The exhibition includes a series of prints on extremely thin, specially handcrafted, rare sheets of paper from China, Nepal, Japan, etc. The subject matter is rendered with great success on the prints: on the reverse image of the engraving the malformations and all the natural wear and tear on the trunk of the olive tree have been accurately reproduced from the original drawing by D. Gounari, with great detail and plasticity. The tonal gradations on the monochromatic surfaces and the play of lights and shadows offer a three dimensional quality to the tree trunk, outlining every crevice and every bump as well as the hanging leaves and delicate twigs, thereby confirming the artist’s competence and expressive ability. Her prints dramatically capture the effect of the passage of time on the aging trees, but also their ability to regenerate as seen in the fresh leaves sprouting form their trunks. The poetic atmosphere of her works is an added compensation for the artist’s numerous and time consuming, and unfortunately not always successful printing attempts. Today, as a great aficionada and expert craftsman with her resourcefulness she has perfected her technique, both in large and small scale works, and has achieved excellent results with her unique woodcuts.

Along with her prints in the exhibition D. Gounari has chosen to exhibit the actual woodblocks she used, as separate works of art.
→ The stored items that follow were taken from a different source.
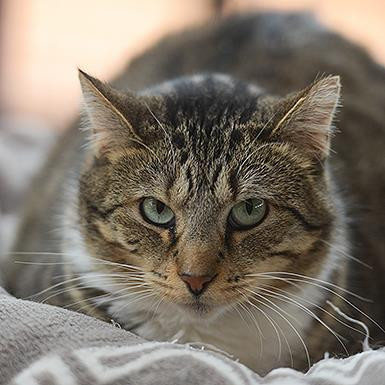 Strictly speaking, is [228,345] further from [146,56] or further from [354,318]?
[146,56]

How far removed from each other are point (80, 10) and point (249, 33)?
5.67 ft


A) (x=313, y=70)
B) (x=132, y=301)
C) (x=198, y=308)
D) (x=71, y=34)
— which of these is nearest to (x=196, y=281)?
(x=198, y=308)

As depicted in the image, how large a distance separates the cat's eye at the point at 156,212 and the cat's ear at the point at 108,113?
0.35 feet

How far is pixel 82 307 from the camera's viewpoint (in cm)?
141

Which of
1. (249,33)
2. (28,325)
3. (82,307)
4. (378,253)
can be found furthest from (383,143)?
(28,325)

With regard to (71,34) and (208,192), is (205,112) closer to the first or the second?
(208,192)

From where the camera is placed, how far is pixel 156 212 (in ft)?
4.25

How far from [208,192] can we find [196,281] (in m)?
0.14

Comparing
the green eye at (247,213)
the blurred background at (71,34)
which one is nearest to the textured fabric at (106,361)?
the green eye at (247,213)

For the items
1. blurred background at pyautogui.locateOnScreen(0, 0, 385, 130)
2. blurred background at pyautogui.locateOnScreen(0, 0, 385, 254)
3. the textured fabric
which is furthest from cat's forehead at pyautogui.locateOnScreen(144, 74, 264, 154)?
blurred background at pyautogui.locateOnScreen(0, 0, 385, 130)

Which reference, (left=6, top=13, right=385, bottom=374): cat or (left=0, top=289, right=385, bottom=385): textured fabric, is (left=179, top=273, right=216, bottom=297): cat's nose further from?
(left=0, top=289, right=385, bottom=385): textured fabric

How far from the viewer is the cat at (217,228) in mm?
1263

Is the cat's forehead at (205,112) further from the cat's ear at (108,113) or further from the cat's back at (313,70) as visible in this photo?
the cat's back at (313,70)

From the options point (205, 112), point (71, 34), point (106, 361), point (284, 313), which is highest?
point (71, 34) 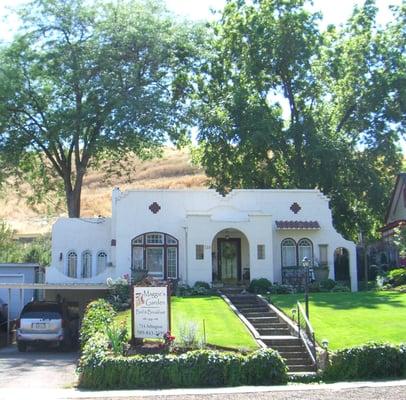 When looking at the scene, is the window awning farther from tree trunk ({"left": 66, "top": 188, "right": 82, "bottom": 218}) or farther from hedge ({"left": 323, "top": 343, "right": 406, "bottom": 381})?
hedge ({"left": 323, "top": 343, "right": 406, "bottom": 381})

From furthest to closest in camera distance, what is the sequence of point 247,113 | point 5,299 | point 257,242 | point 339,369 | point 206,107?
1. point 206,107
2. point 247,113
3. point 5,299
4. point 257,242
5. point 339,369

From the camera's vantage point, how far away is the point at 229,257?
1282 inches

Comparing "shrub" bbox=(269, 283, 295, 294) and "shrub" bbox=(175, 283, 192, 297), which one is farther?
"shrub" bbox=(269, 283, 295, 294)

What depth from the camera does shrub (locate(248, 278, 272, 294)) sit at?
1109 inches

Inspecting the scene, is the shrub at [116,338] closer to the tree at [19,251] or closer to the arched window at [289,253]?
the arched window at [289,253]

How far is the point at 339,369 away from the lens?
49.5 ft

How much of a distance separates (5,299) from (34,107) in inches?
442

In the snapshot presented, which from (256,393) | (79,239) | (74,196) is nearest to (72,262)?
(79,239)

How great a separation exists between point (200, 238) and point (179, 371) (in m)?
15.9

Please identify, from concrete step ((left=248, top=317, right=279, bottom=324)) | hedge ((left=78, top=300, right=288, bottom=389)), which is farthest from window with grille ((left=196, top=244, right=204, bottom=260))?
hedge ((left=78, top=300, right=288, bottom=389))

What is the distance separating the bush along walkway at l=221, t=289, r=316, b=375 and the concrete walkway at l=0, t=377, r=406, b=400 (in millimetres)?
1953

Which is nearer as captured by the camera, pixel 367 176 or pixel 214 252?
pixel 214 252

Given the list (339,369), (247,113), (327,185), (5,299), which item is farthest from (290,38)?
(339,369)

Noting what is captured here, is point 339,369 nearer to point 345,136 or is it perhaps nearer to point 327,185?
point 327,185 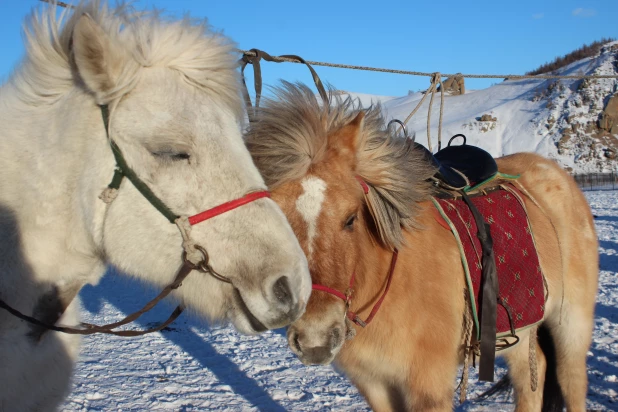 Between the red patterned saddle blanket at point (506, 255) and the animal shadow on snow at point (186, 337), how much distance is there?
63.4 inches

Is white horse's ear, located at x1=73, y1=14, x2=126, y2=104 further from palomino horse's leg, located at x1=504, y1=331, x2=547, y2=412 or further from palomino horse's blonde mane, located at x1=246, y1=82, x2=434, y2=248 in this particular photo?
palomino horse's leg, located at x1=504, y1=331, x2=547, y2=412

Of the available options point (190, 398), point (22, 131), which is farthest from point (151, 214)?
point (190, 398)

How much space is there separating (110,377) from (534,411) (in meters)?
3.73

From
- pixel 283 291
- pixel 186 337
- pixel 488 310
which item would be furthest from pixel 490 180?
pixel 186 337

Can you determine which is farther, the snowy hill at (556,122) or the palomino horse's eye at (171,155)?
the snowy hill at (556,122)

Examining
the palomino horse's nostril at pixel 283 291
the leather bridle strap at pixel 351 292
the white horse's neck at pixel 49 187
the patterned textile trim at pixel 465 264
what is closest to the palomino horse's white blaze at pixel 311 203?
the leather bridle strap at pixel 351 292

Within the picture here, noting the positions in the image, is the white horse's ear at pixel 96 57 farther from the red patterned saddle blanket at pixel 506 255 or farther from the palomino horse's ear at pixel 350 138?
the red patterned saddle blanket at pixel 506 255

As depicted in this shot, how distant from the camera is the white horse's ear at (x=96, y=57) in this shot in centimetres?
139

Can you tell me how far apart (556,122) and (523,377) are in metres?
39.6

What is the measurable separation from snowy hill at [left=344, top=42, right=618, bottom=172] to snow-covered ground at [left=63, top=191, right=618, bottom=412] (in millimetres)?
32049

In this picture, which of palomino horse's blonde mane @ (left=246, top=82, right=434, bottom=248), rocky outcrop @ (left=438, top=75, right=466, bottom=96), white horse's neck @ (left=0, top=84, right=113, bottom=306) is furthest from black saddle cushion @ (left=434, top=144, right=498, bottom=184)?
white horse's neck @ (left=0, top=84, right=113, bottom=306)

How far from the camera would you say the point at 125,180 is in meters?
1.50

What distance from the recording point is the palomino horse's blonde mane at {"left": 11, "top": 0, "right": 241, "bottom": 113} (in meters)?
1.53

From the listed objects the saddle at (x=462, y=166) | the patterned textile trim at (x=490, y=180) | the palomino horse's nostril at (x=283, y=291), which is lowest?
the palomino horse's nostril at (x=283, y=291)
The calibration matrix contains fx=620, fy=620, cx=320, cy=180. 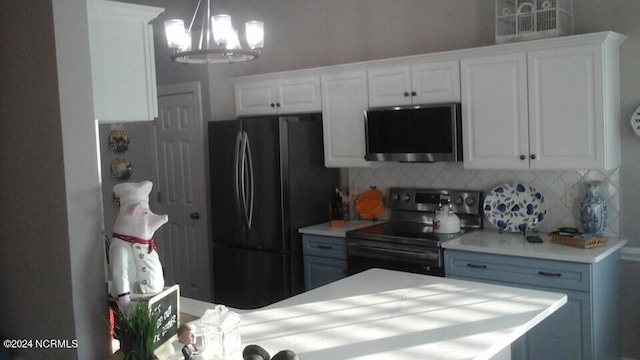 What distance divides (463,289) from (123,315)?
149 cm

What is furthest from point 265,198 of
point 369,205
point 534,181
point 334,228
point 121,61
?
point 121,61

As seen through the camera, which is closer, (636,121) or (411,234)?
(636,121)

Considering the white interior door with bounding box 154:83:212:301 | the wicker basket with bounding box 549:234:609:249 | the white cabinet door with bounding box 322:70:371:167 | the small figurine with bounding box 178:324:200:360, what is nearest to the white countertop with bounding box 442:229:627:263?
the wicker basket with bounding box 549:234:609:249

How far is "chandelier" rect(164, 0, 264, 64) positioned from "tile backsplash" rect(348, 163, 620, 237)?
200 centimetres

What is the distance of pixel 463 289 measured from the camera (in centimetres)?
270

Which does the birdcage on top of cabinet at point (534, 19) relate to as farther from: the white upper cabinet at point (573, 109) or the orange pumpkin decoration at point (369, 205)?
the orange pumpkin decoration at point (369, 205)

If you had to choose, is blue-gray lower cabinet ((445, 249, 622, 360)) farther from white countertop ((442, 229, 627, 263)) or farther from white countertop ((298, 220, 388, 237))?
A: white countertop ((298, 220, 388, 237))

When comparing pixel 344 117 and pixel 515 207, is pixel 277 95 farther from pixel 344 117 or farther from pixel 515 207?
pixel 515 207

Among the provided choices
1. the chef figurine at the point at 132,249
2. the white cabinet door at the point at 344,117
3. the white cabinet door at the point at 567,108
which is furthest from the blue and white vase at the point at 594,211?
the chef figurine at the point at 132,249

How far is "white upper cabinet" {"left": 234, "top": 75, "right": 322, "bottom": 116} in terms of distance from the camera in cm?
477

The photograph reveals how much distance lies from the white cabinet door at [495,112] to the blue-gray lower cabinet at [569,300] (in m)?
0.63

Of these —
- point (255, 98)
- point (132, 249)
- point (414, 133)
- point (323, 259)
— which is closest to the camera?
point (132, 249)

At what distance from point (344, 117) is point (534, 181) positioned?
4.63 ft

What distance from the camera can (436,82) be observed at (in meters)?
4.09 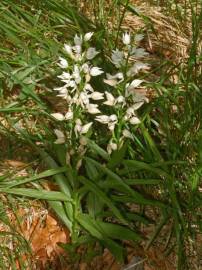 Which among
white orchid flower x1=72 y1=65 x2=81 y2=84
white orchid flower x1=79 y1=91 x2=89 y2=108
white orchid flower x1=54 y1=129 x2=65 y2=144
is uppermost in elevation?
white orchid flower x1=72 y1=65 x2=81 y2=84

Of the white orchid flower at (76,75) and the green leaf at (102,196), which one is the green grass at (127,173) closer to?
the green leaf at (102,196)

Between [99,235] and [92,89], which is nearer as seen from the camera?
[92,89]

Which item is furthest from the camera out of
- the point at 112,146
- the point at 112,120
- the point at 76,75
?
the point at 112,146

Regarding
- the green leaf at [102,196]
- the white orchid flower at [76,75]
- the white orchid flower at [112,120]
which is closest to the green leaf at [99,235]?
the green leaf at [102,196]

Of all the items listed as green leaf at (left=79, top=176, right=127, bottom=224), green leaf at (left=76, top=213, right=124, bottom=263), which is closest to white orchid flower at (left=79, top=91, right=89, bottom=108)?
green leaf at (left=79, top=176, right=127, bottom=224)

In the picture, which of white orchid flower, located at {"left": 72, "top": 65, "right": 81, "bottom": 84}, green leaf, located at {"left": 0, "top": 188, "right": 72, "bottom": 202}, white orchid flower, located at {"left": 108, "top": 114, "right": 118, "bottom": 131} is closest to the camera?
white orchid flower, located at {"left": 72, "top": 65, "right": 81, "bottom": 84}

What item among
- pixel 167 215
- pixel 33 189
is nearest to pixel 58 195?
pixel 33 189

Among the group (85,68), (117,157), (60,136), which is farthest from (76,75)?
(117,157)

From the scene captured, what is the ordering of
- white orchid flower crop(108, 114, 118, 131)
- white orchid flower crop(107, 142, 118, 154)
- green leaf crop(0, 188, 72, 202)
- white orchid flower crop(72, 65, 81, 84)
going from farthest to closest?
green leaf crop(0, 188, 72, 202) < white orchid flower crop(107, 142, 118, 154) < white orchid flower crop(108, 114, 118, 131) < white orchid flower crop(72, 65, 81, 84)

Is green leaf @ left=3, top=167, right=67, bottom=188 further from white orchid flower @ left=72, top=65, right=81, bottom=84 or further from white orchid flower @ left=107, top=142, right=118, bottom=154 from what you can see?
white orchid flower @ left=72, top=65, right=81, bottom=84

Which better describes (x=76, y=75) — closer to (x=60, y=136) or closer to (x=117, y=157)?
(x=60, y=136)

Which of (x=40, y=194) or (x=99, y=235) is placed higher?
(x=40, y=194)
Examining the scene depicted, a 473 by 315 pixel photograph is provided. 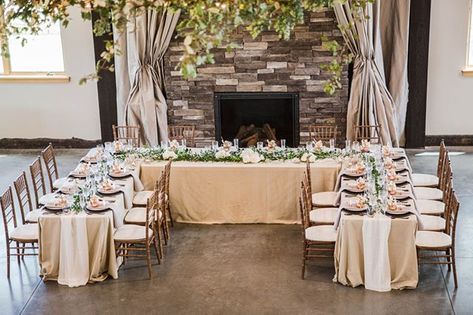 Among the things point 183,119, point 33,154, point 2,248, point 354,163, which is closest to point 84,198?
point 2,248

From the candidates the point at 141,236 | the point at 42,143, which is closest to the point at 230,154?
the point at 141,236

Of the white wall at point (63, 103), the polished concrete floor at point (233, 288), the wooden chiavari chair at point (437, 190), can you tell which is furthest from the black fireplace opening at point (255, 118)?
the polished concrete floor at point (233, 288)

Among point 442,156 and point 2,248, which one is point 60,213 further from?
point 442,156

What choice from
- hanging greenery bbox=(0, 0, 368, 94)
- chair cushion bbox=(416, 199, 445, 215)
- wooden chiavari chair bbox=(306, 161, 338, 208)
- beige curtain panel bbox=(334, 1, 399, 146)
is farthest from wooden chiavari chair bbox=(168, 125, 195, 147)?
hanging greenery bbox=(0, 0, 368, 94)

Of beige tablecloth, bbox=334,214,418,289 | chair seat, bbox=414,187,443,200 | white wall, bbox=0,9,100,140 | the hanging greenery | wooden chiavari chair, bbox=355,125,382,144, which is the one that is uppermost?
the hanging greenery

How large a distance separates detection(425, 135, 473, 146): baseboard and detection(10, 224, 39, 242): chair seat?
655cm

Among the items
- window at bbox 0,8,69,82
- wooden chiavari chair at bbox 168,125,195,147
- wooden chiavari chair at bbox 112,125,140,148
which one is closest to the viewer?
wooden chiavari chair at bbox 168,125,195,147

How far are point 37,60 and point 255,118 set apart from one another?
12.1 feet

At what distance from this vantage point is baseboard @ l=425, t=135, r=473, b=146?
1167cm

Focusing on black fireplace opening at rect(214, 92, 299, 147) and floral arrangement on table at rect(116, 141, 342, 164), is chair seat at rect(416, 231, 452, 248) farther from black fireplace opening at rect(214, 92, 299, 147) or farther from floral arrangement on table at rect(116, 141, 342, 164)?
black fireplace opening at rect(214, 92, 299, 147)

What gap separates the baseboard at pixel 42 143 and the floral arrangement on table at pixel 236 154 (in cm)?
308

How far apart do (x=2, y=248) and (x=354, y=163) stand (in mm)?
4024

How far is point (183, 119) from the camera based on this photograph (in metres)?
11.3

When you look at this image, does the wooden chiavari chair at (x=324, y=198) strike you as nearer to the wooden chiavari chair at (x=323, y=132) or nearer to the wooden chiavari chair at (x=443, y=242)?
the wooden chiavari chair at (x=443, y=242) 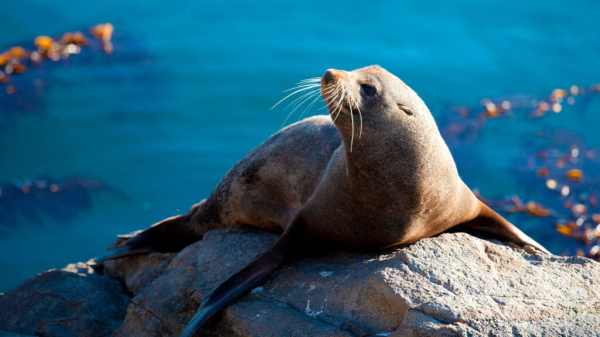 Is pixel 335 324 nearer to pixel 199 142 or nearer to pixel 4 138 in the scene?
pixel 199 142

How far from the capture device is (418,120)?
17.1ft

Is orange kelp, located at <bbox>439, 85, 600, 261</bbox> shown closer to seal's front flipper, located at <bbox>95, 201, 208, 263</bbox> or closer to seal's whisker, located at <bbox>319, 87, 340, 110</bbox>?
seal's front flipper, located at <bbox>95, 201, 208, 263</bbox>

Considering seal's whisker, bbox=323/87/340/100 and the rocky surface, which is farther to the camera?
seal's whisker, bbox=323/87/340/100

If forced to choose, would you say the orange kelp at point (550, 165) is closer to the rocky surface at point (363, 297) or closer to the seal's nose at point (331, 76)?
the rocky surface at point (363, 297)

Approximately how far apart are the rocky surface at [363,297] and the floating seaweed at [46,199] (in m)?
3.80

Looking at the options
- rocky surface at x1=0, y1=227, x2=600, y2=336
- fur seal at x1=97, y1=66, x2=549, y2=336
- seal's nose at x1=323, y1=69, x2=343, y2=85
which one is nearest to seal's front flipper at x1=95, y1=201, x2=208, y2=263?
rocky surface at x1=0, y1=227, x2=600, y2=336

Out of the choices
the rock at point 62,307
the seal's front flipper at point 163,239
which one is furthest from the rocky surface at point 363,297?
the seal's front flipper at point 163,239

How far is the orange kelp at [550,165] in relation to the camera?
1048 centimetres

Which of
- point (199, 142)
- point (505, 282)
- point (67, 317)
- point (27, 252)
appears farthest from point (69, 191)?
point (505, 282)

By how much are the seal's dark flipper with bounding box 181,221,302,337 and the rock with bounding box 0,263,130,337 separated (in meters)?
1.36

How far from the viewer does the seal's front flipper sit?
7156 millimetres

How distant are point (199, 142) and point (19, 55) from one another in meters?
3.77

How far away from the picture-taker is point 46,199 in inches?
412

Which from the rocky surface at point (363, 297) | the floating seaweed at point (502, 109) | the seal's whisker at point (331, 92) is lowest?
the rocky surface at point (363, 297) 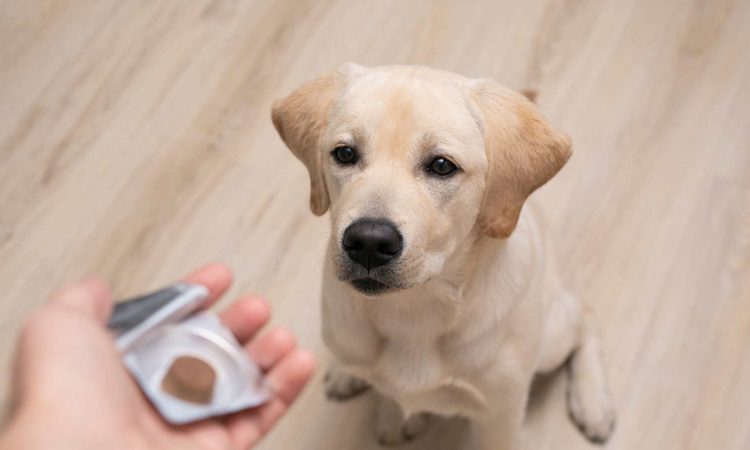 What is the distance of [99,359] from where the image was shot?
1.38 metres

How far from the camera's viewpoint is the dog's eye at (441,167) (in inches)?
57.2

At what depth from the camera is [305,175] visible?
2.66m

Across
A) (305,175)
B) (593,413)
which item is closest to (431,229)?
(593,413)

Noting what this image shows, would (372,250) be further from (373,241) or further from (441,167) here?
(441,167)

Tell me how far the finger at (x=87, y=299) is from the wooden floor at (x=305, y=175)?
0.93 metres

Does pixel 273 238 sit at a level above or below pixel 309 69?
below

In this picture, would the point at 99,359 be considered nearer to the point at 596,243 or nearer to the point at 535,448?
the point at 535,448

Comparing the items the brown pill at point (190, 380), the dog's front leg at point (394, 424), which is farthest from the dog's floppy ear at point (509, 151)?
the dog's front leg at point (394, 424)

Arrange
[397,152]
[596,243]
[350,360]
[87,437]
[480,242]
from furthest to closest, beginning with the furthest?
[596,243]
[350,360]
[480,242]
[397,152]
[87,437]

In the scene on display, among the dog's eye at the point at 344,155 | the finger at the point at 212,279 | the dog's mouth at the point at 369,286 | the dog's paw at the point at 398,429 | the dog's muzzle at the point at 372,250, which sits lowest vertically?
the dog's paw at the point at 398,429

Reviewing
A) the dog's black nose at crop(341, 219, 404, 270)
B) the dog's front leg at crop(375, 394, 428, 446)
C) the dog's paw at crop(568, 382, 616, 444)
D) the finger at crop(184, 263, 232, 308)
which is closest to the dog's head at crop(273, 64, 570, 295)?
the dog's black nose at crop(341, 219, 404, 270)

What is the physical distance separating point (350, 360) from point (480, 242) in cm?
45

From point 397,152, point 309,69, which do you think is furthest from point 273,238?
point 397,152

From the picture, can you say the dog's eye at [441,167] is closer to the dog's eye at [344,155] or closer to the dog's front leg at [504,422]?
the dog's eye at [344,155]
She presents the carved surfaces as independent examples of the craft of woodcutting, in an attempt to bestow honor to the craft itself and illustrate the importance of the engraving itself alongside with that of the printed work.

D. Gounari studied in depth the art of woodcut, learned the secrets of the wood from expert craftsmen, tried different types of wood, and after she the wood “breathe”, she started to carve deep and thinner lines with freshly sharpened gouges and cutting tools, all the while keeping in mind that each carving is irreversible. She worked every area with great care until the final image was completed, she created her compositions with careful consideration for the quirks of the wooden surface, combining her knowledge with her fastidiousness and her artistic flair. The exhibition of her prints allows the viewer to enjoy the texture, the smell, the formal qualities and the splendor of the wood. The engraved surfaces, which will probably never be used to print, demonstrate their own artistic strength with their power and aesthetic quality, simply through their naturally irregular surface and the artist’s dynamic intervention. This is essentially the definition of the art of the woodcut, the flawless carving of the woodblock, which is the negative for the actual print. For it is at this point that the artist has full control over his material and is totally responsible for the outcome of his work, and no other factors (such as color, pigments) interfere, but for his own skill and personal inspiration.

D. Gounari was fascinated by the formal characteristics of the olive tree and created exceptional works, with great sensitivity and devotion, products of hard spiritual and manual labor, thus combining masterfully art and craftsmanship. Her carved surfaces and prints are very realistic, display outstanding designs, emit spirituality and speak of a special truth, the truth of nature.

Louisa Karapidaki, Art Historian
of the Hellenic Folkore Research Center,
of the Academy of Athens

Dimitra Gounari

Painter - Engraver

Graduated on painting and engraving at the Athens School of Fine Arts - at the Abbaye de la Cambre, Brussels - Engraving diploma at the Athens School of Fine Arts.